Coupled with this, activity in the housing market is falling back now that the stamp duty holiday for first-time buyers has ended. Moreover, the Bank of England’s latest Credit Conditions Survey is signalling a major tightening of credit standards, particularly for mortgage borrowers. Profit margins on mortgage lending have already widened and are projected to increase further over the next 3 months. This reflects the tightening of credit in the Eurozone as banks reduce their loan books in order to meet the more stringent regulatory capital requirements imposed last December.
In the face of these pressures, the forecast sees real household disposable income marking time this year after falling back in 2010 and 2011. Consumer spending increases by 0.8% this year as the saving ratio eases back. This accelerates to 2.2% by 2015, helped by a modest revival in real earnings growth. Turnover in the housing market dips after the strong start to this year, but begins to recover next year as the first-time buyer and credit shortages begin to ease. House price inflation is also likely to resume on this timescale.

Business investment starts to recover next year…
The forecast shows business investment increasing by just 1.2% this year, but it starts to pick up more convincingly next year, with growth of 6%, followed by nearly 10% in 2014. Capital spending in the public sector is falling back sharply now, and even with housing investment picking up, economy-wide investment falls back again this year. It grows by 4.1% next year before accelerating to 7.8% in 2014.
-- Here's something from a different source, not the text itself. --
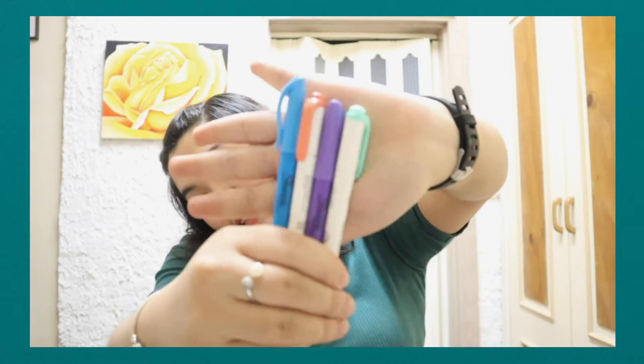My next essential — and this isn't just for med students, but for all students — highlighters! In med school it seems like you need a ton of highlighters, but I'm okay with just two. Ayun. Just a couple of highlighters for highlighting your notes.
…and exports make an important contribution
Export markets are a big challenge for UK businesses at the moment. Shipments to Europe have inevitably been restrained by the problems in the Eurozone, yet shipments to non-European destinations have been performing well. Exports of goods increased by 5.1% last year in volume terms and exports of services were up by 3.9%. ITEM expects exports to grow by 4.5% this year and imports by 3.5%, but over the remaining years of the forecast export growth moves ahead of import growth more convincingly.